Problem to work on>
Wherever the listing holds a picture, leave it out, and copy the remainder exactly.

Data excerpt>
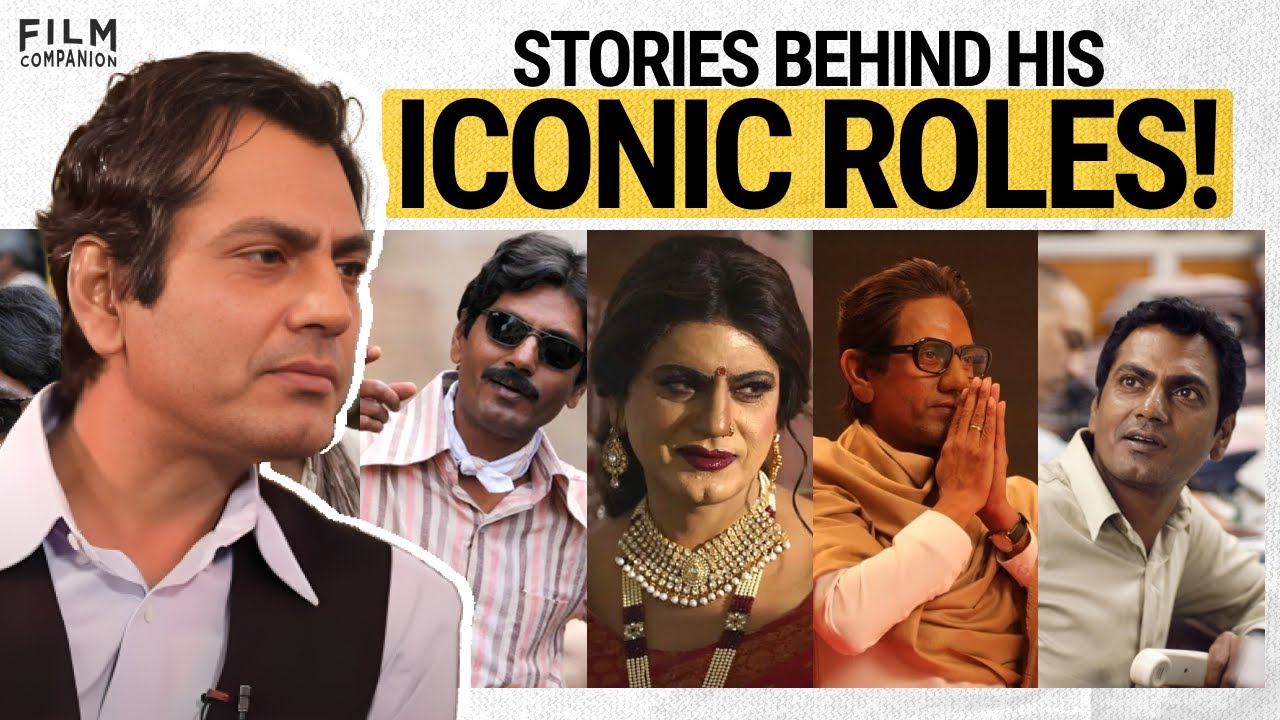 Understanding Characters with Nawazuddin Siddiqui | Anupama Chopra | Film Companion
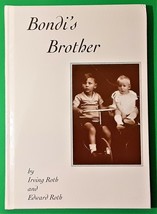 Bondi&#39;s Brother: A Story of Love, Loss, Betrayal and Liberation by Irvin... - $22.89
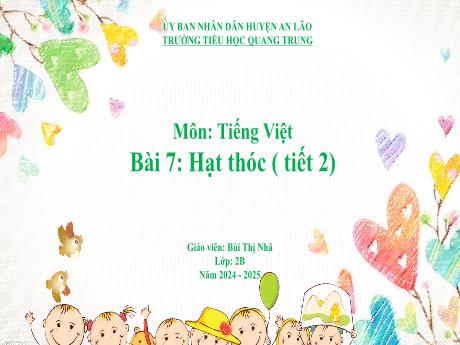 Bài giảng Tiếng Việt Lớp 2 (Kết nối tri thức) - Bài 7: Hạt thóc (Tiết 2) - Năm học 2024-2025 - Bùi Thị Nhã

The answer>
 Understanding Characters with Nawazuddin Siddiqui | Anupama Chopra | Film Companion
 Bondi&#39;s Brother: A Story of Love, Loss, Betrayal and Liberation by Irvin... - $22.89
 Bài giảng Tiếng Việt Lớp 2 (Kết nối tri thức) - Bài 7: Hạt thóc (Tiết 2) - Năm học 2024-2025 - Bùi Thị Nhã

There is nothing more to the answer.